3815Rocky Butte, according to Wikipedia:
...is an extinct cinder cone butte in Portland, Oregon, United States. It is also part of the Boring Lava Field, a group of volcanic vents and lava flows throughout Oregon and Washington state. The volcano erupted between 285,000 and 500,000 years ago.
Its summit is 613 feet, or 187 metres, ASL: its obstinance in the face of the Missoula floods is what caused a riffle in the alluvial flow driven by those which we know of today as the Alameda Ridge that snakes its way east-northeastward through NE Portland for several miles, defining a number of neighborhoods and the course of a historic NE Portland street known for lovely views and high property values.

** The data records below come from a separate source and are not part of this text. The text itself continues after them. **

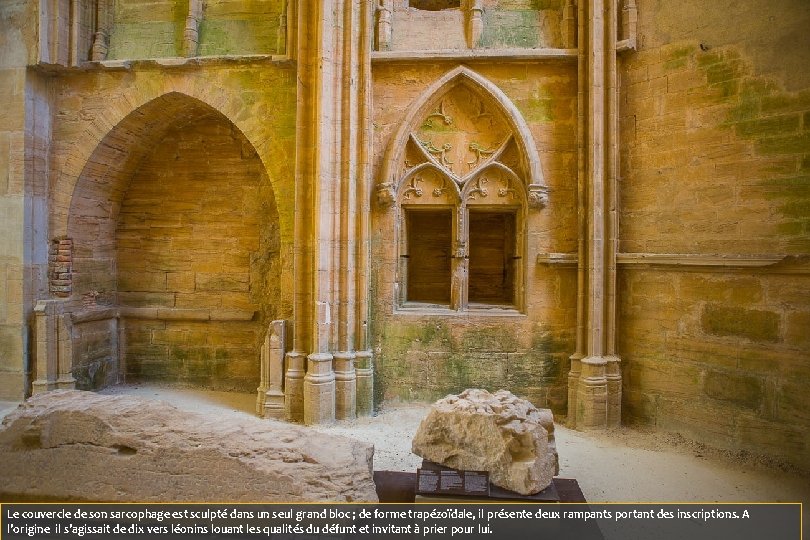 Le couvercle de son sarcophage est sculpté dans un seul grand bloc ; de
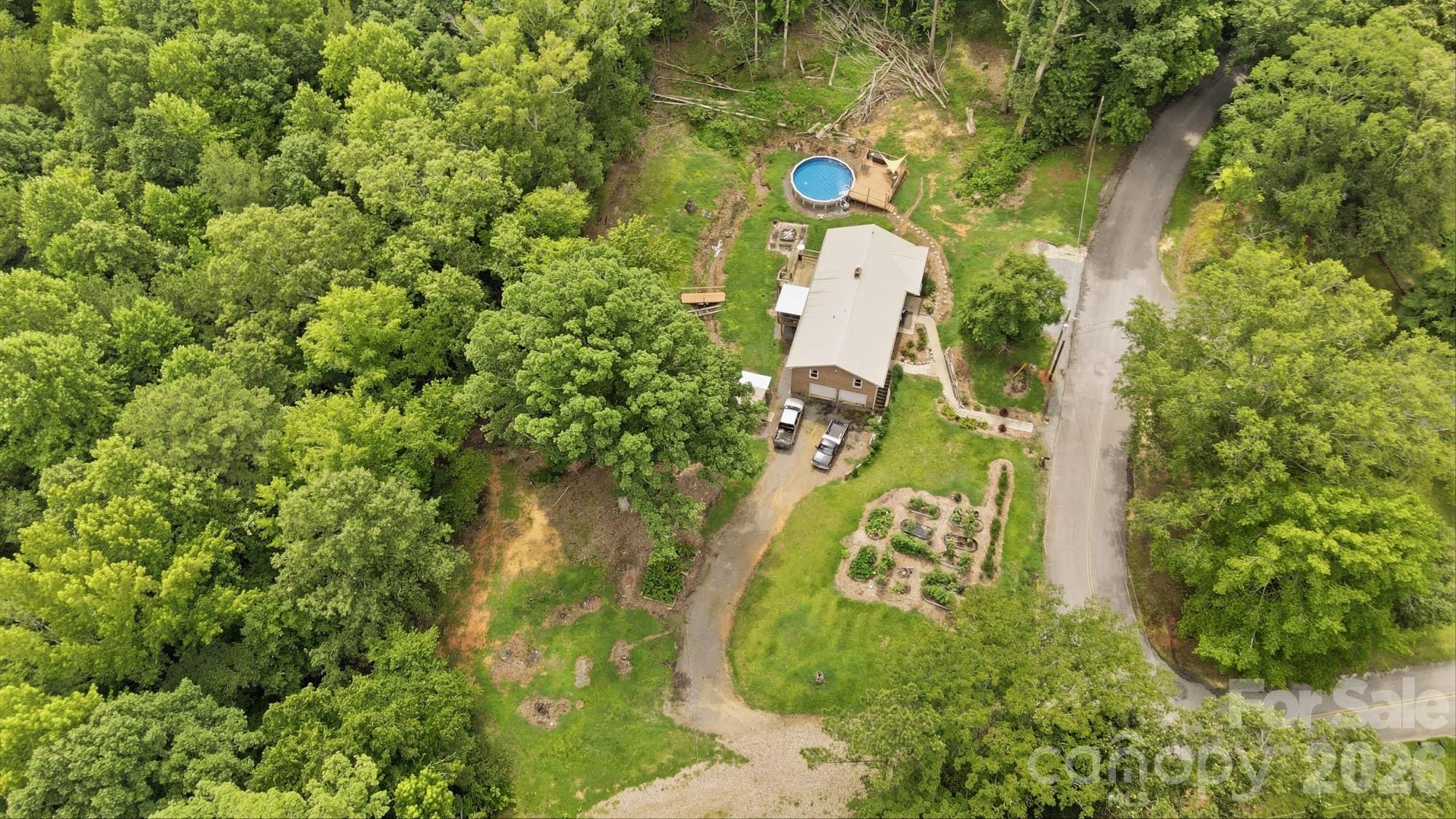 1021 Wedgewood Road Property Photo 43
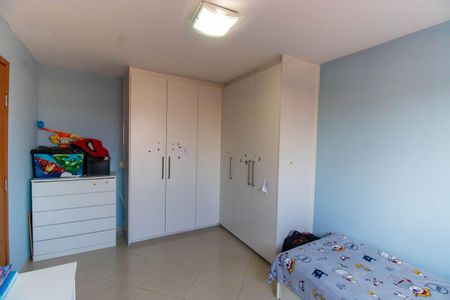 Casa à venda com 260m², 2 quartos e 2 vagasQuarto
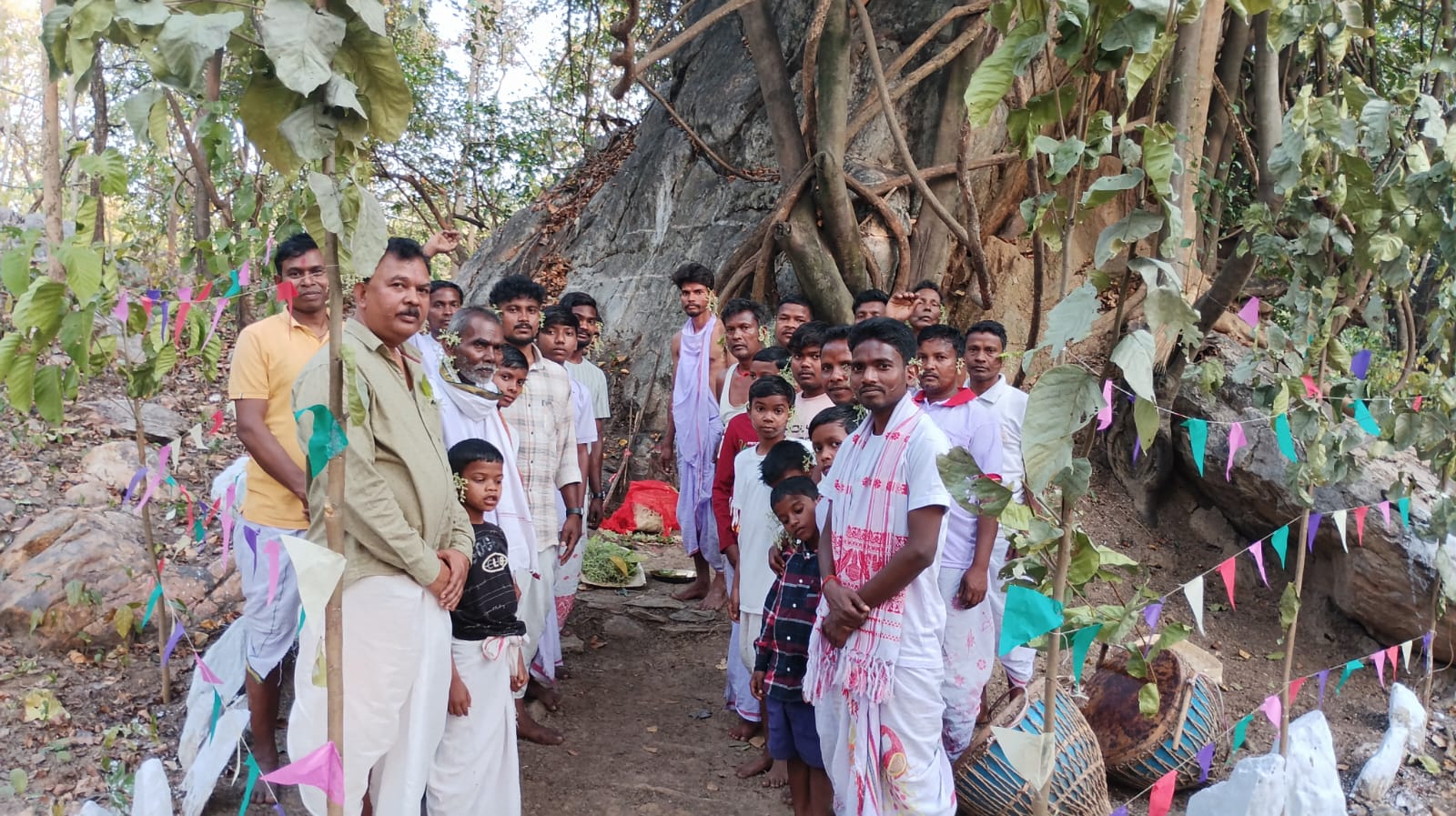 Jadugora : रोहाणीबेड़ा में सरहुल पूजा आयोजित, क्षेत्र की खुशहाली की कामना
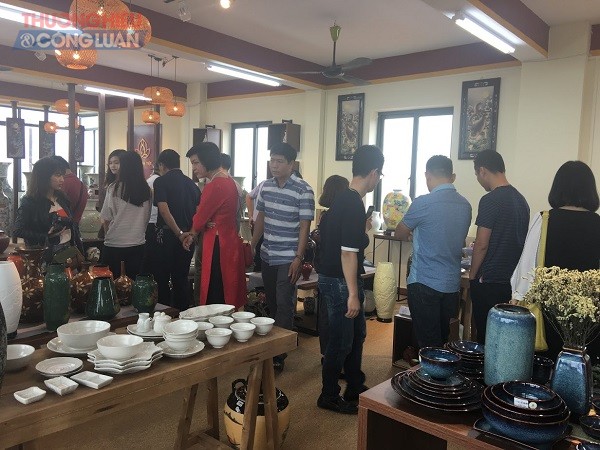 BATTRANG FAMILY: Nâng tầm thương hiệu gốm sứ Việt với CMCN 4.0 - Hình 3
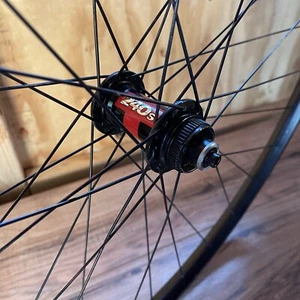 DT Swiss 240s 29 32H Stan’s Centerlock 100 x 9mm QR Front Wheel Black - Picture 1 of 8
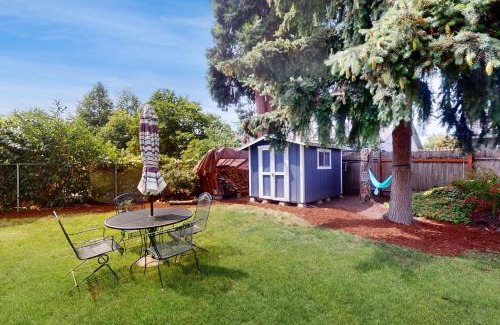 Eugene Casa | Evergreen Hideaway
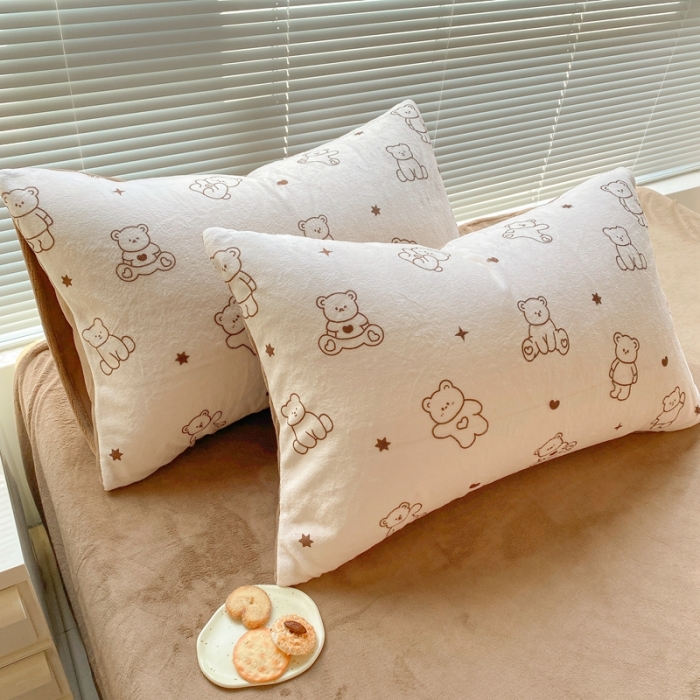 91家纺网 家纺一手货源 找家纺 梦柏家纺 2023新款高克重牛奶绒印花四件套 可爱熊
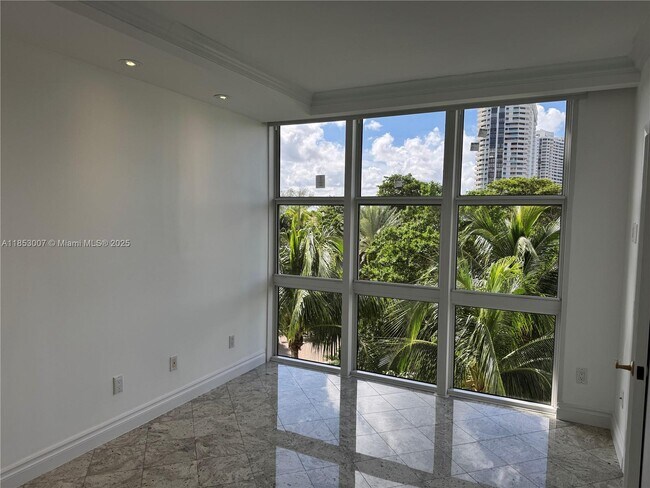 Building Photo - 2600 Island Blvd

It also has gorgeous views of its own. It takes in at least two major Cascade volcanoes clearly, miles of tree-covered eastern Portland between there and downtown, beautiful stretches of the great Columbia, parts of Vancouver and Camas, and Mount Tabor, if you look the right direction. Yesterday we spent an invigorating hour on the top of it, at Joseph Wood Hill Park, where there's a viewpoint with pumice paths, and over the next handful of blog posts, I'll be sharing these views.
Yes, there will be Wy'east. Just not yet.
The long view today is centered on a landing UPS cargo jet at PDX. The industrial and commercial land going north from the line formed by Sandy Blvd and Columbia Blvd are spread out at ones' feet here; and this all just so happens to be the main approach from the east to PDX itself. You're never late to spot any given plane; just early for the next one.
In the foreground you have Government Island bisecting the Columbia and I-205 curving along one of the spans of the Glenn Jackson Bridge. Beyond the Columbia is, of course, the slopes encompassing the riverward part of outer Vancouver's Cascade Park nabe.
Luuit/Mount St Helens should, at this point need no introduction though, at this time of year, still snow-clad, it's on fine form.